WHAT IS NEEDED: Give the entries again exactly; drop the pictures.

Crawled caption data
------------------------------------------------------------

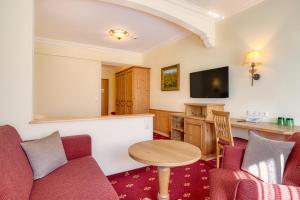 a living room with a couch and a table at Hotel Kristall in Grossarl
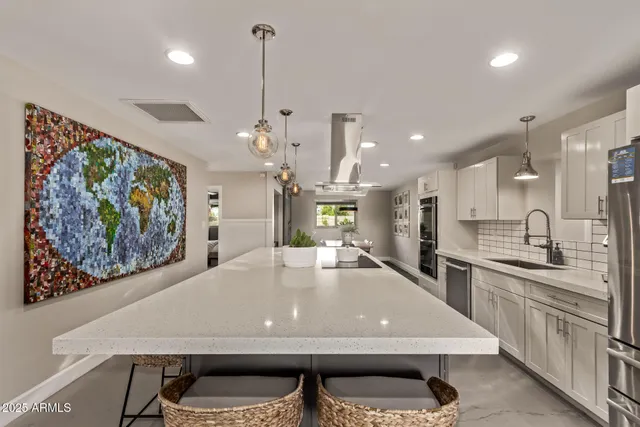 a large kitchen with a table and chairs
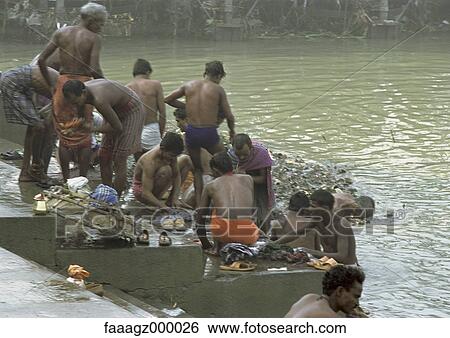 India, Calcutta, man washing by river View Large Photo Image Stock Photograph - India, Calcutta, man washing by river. Fotosearch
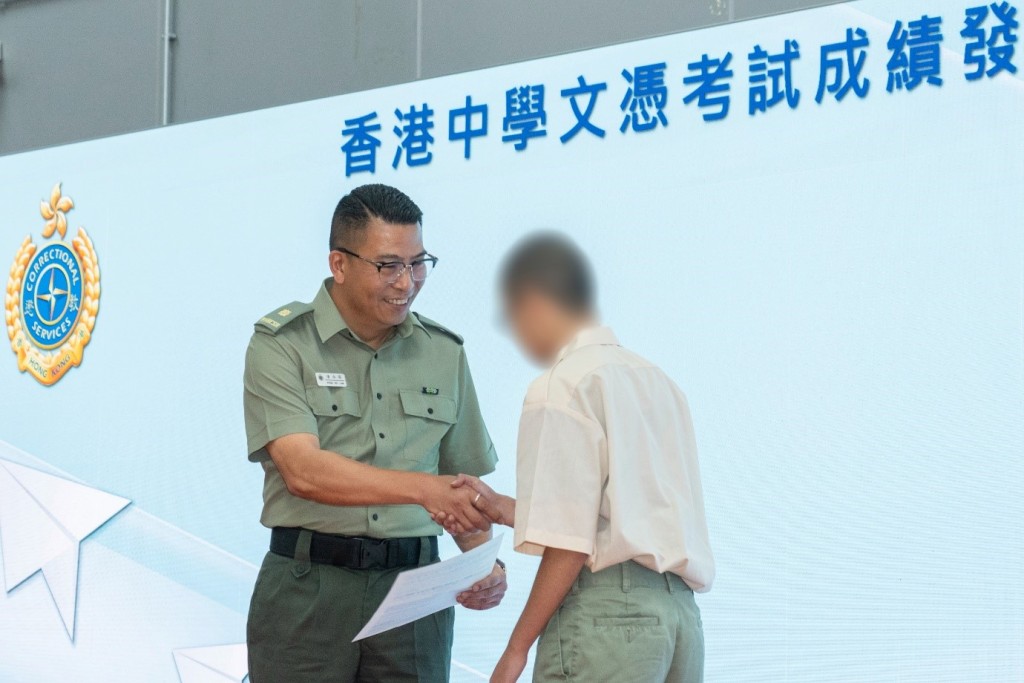 沙咀惩教所监督潘浩霖向其中一名考生颁发成绩通知书。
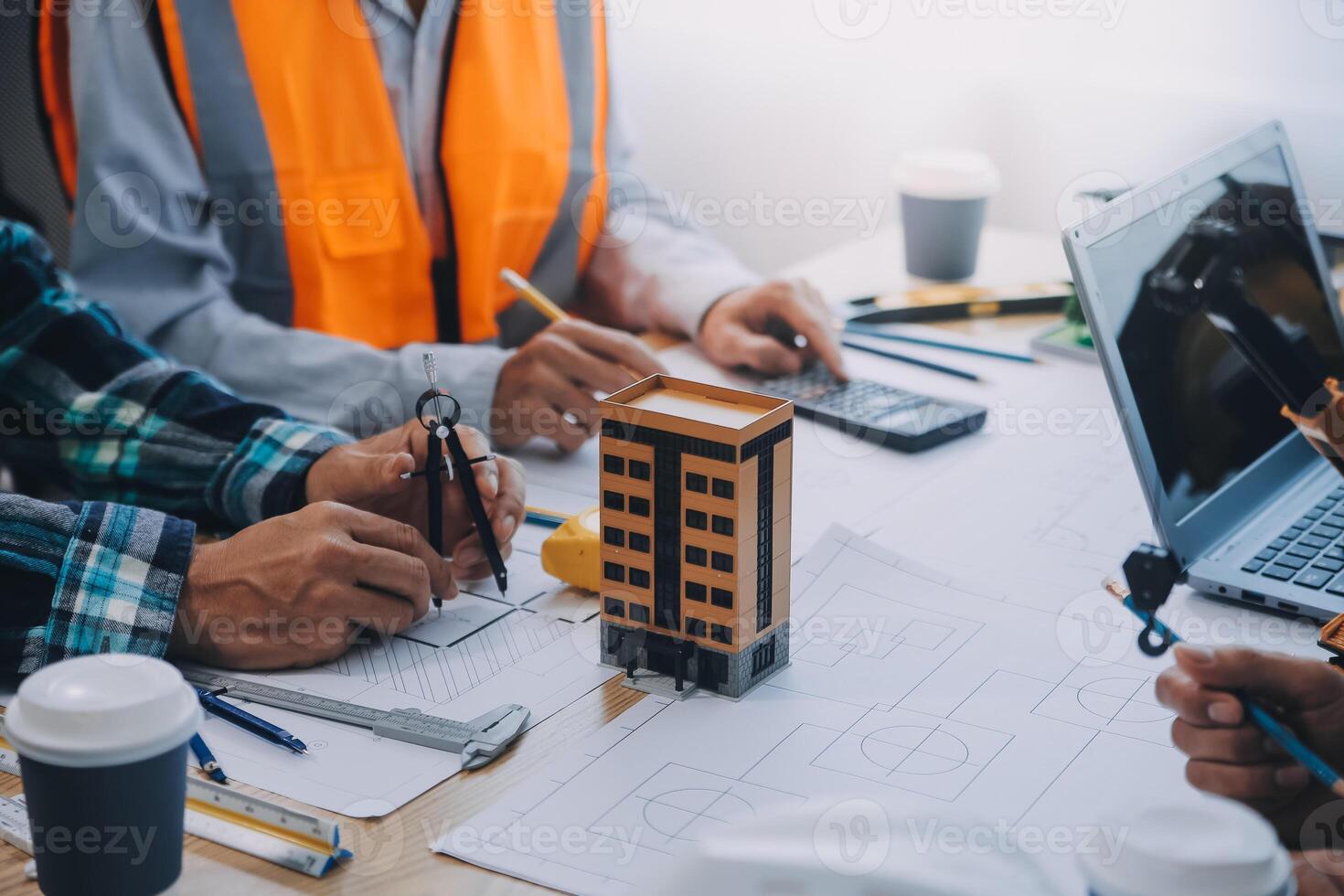 Image of engineer meeting for architectural project. working with partner and engineering tools on workplace vintage tone. photo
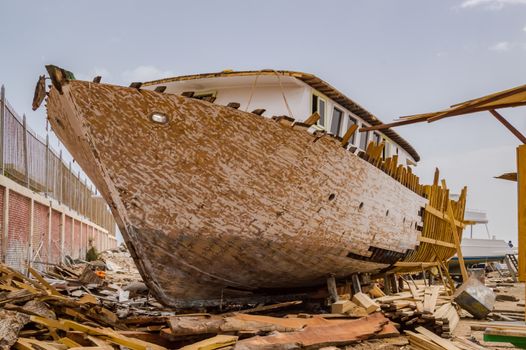 Wooden ship being renovated in a construction site of the city of Hurghada in Egypt
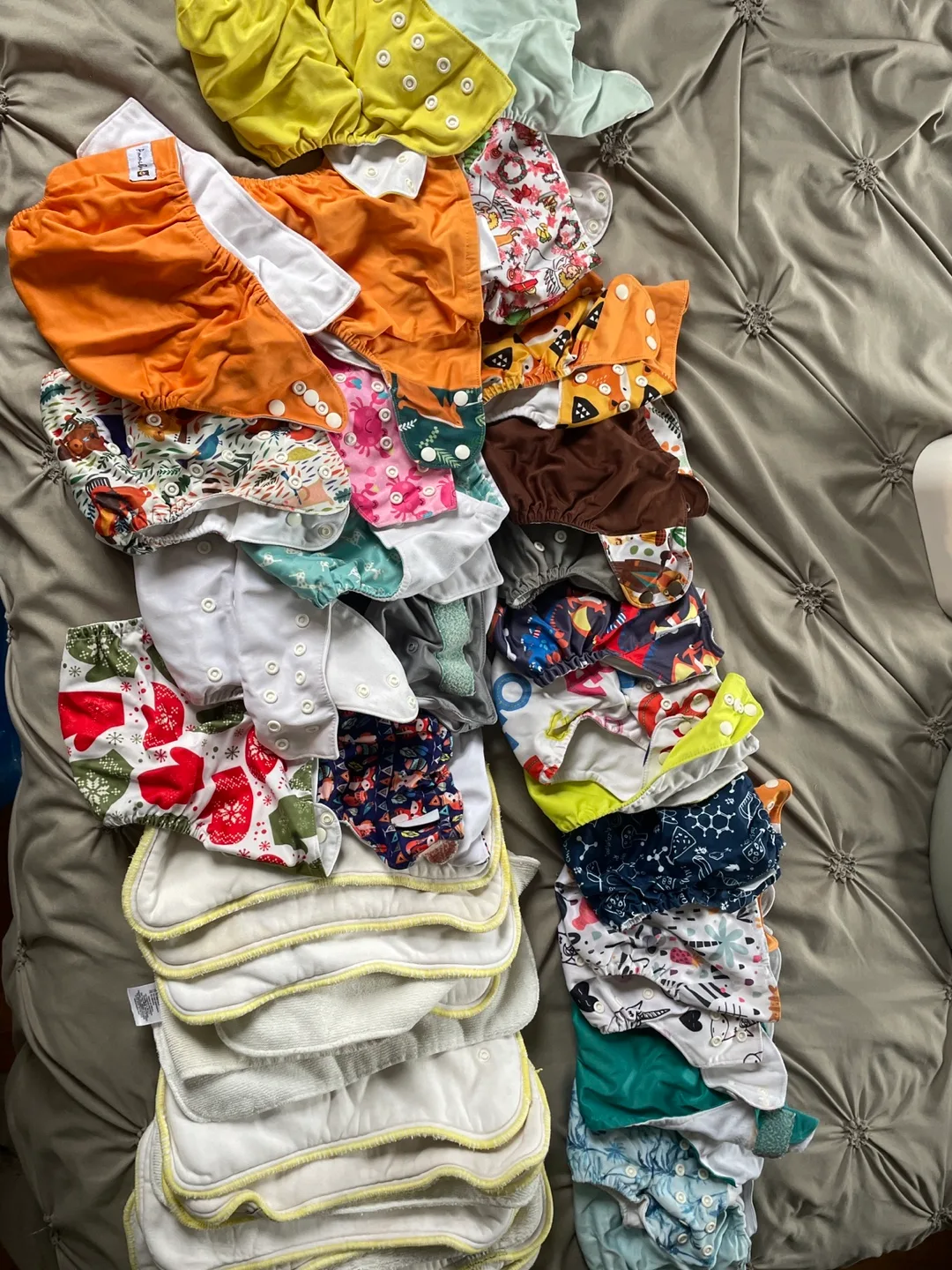 Lot of cloth diapers — over 25 diapers, plus many inserts. thumbnail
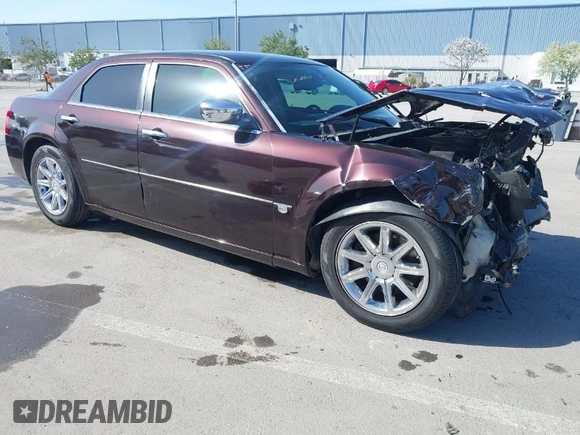 2005 Chrysler 300 with VIN 2C3JA63H25H102333, listed as a IAAI auction lot 41967876 with 125,092 mi miles. Bid and sale history available at carsss.com. Image 1.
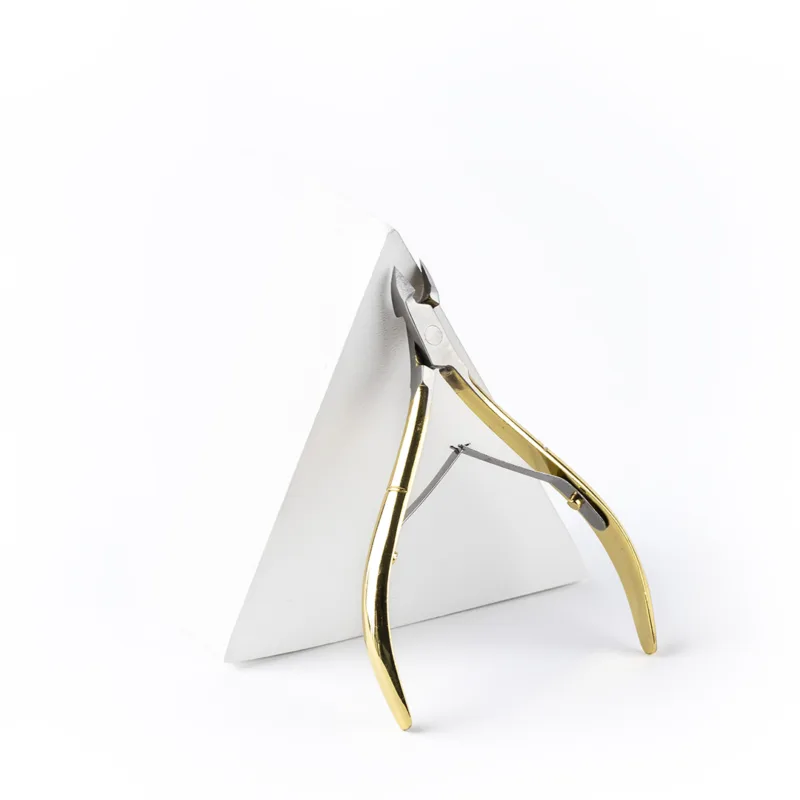 CORTA CUTÍCULAS DORADO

------------------------------------------------------------

SOLUTION TO THIS TASK:
 a living room with a couch and a table at Hotel Kristall in Grossarl
 a large kitchen with a table and chairs
 India, Calcutta, man washing by river View Large Photo Image Stock Photograph - India, Calcutta, man washing by river. Fotosearch
 沙咀惩教所监督潘浩霖向其中一名考生颁发成绩通知书。
 Image of engineer meeting for architectural project. working with partner and engineering tools on workplace vintage tone. photo
 Wooden ship being renovated in a construction site of the city of Hurghada in Egypt
 Lot of cloth diapers — over 25 diapers, plus many inserts. thumbnail
 2005 Chrysler 300 with VIN 2C3JA63H25H102333, listed as a IAAI auction lot 41967876 with 125,092 mi miles. Bid and sale history available at carsss.com. Image 1.
 CORTA CUTÍCULAS DORADO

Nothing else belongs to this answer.